▸ **What the exercise asks**:
Would you output all the lines below precisely as they stand, leaving each picture out?

▸ **Recorded information**:

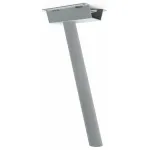 Основание на штанге Gauss 903265502 от ImperiumLoft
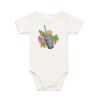 Mini Me One Piece Thumbnail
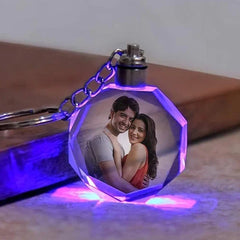 Keychain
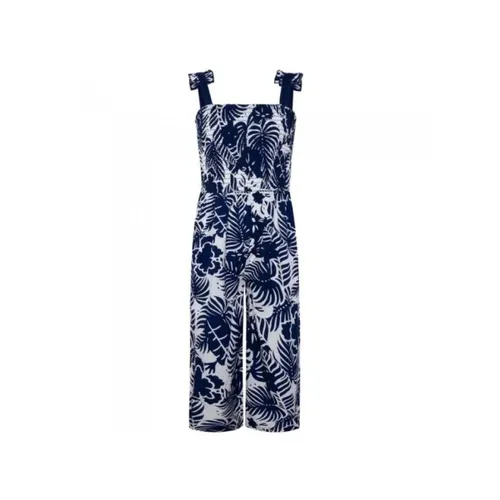 Jumpsuits - Pepe Jeans - Modalova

▸ **Output for this task**:
 Основание на штанге Gauss 903265502 от ImperiumLoft
 Mini Me One Piece Thumbnail
 Keychain
 Jumpsuits - Pepe Jeans - Modalova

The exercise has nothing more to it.